Los caballos, seguros de no correr peligro alguno ante aquel diminuto depredador, superaron rápidamente su cautela inicial. Más de un espectador sonrió al ver los movimientos inseguros del lobito, poco más grande que un casco de caballo, al levantar la vista hacia aquellos extraños gigantes. Whinney bajó la cabeza y adelantó el hocico, una y otra vez. Corredor se aproximó por el otro lado al interesante lobezno. El cachorrito retrocedió, acurrucado, al ver aquellas enormes cabezas; desde el punto de vista del lobezno, el mundo estaba poblado por gigantes; hasta la mujer que le alimentaba y consolaba era gigantesca.

No detectaba amenaza alguna en el cálido aliento de aquellos ollares dilatados.
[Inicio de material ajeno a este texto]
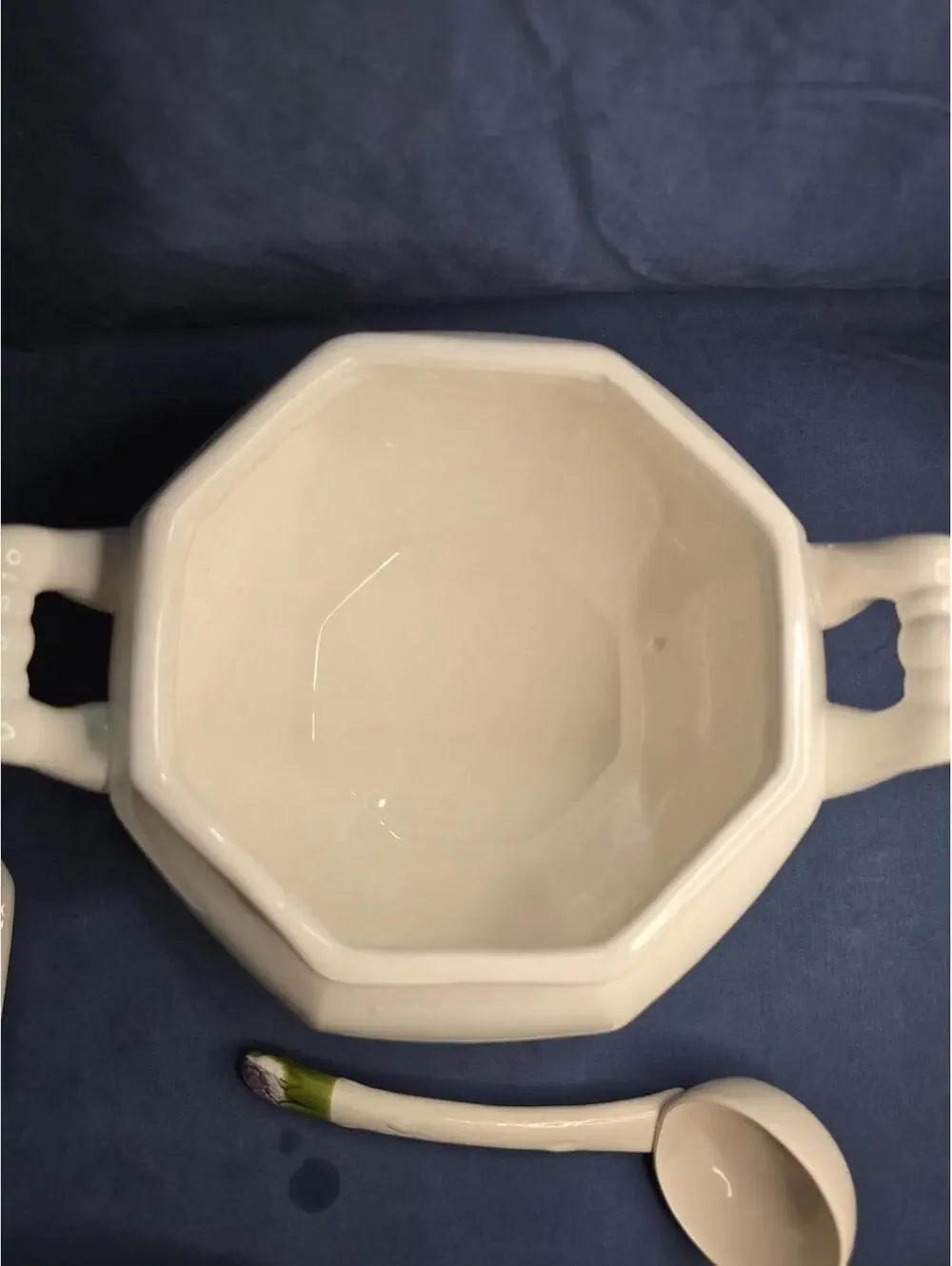 Vintage California USA White Ceramic Soup Gumbo Tureen with Ladle and Underplate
Para su sensible nariz, el olor de aquellos caballos era conocido. Impregnaba las ropas y las pertenencias de Ayla y hasta a la propia mujer. El lobito decidió que aquellos gigantescos cuadrúpedos formaban parte de su manada; y con el afán de complacer que tiene todo cachorro normal, se estiró para tocar con su hociquito negro el hocico cálido y suave de la yegua.

–¡Se están tocando el hocico! –exclamó Latie, con voz susurrante.

Cuando el lobito comenzó a lamer la cara de la yegua, modo habitual con que los cachorros entablan relación con los miembros de su manada, Whinney se apresuró a levantar la cabeza. Pero estaba demasiado intrigada como para mantenerse apartada por mucho tiempo, y pronto aceptó las caricias del pequeño depredador.